As healthcare organizations create data governance strategies, they will need to review legacy and emerging large data solutions to determine which approach will meet their operational, privacy, and security needs. Establishing and maintaining large databases of patient information will need to be supported with personnel who have data management/scientist skills that may be hard to find and retain.
Resources who will create and manage interoperability data services may also be hard to secure. Skilled resource challenges will likely drive the healthcare market toward the large technology vendors that have significant experience in acquiring, managing, securing, and analyzing data from several industries. While Google and Microsoft have failed in prior efforts, their new approach and technologies will make them formidable competitors to other solutions.

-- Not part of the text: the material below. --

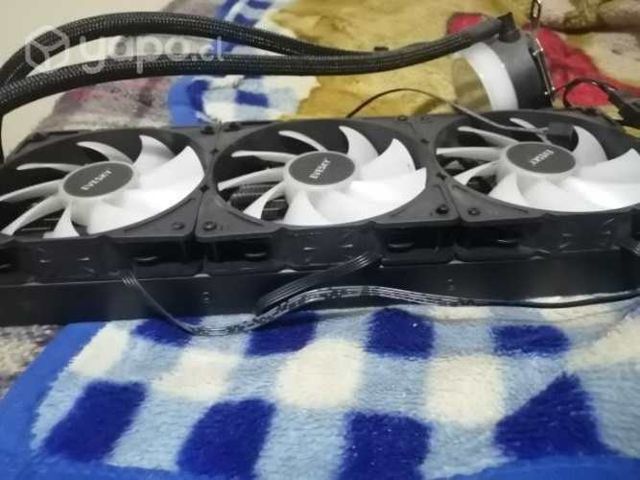 Refrigeración Líquida 360 Evesky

The Players: Large Technology Companies Launching Healthcare Data Solutions
Companies focused on healthcare IT operability using cloud solutions:
Acquiring and analyzing patient data across disparate care delivery environments will become a critical success factor for healthcare organizations as value-based care reimbursement continues to advance. The pandemic highlighted the need for capturing patient data across all modalities of care, including the home, to provide higher care quality and outcomes.
Legacy enterprise data warehouse environments provide structured data model environments to support the necessary business and population health analytics. Adding outside data to these solutions requires the ability to capture, normalize, and populate new data tables that can be associated with existing data to enhance desired organization analytics.
Google, AWS, and Microsoft have been working with large provider organizations to develop robust and flexible large data environments (e.g., data lakes) that will enhance data analytics, sharing, and interoperability for the US healthcare market. These companies are driving cloud and AI data solutions that will likely disrupt legacy data warehouse and analytics solutions.
Both Google and Microsoft have failed with healthcare data solutions in the past, establishing risk factors that must be considered by healthcare organizations.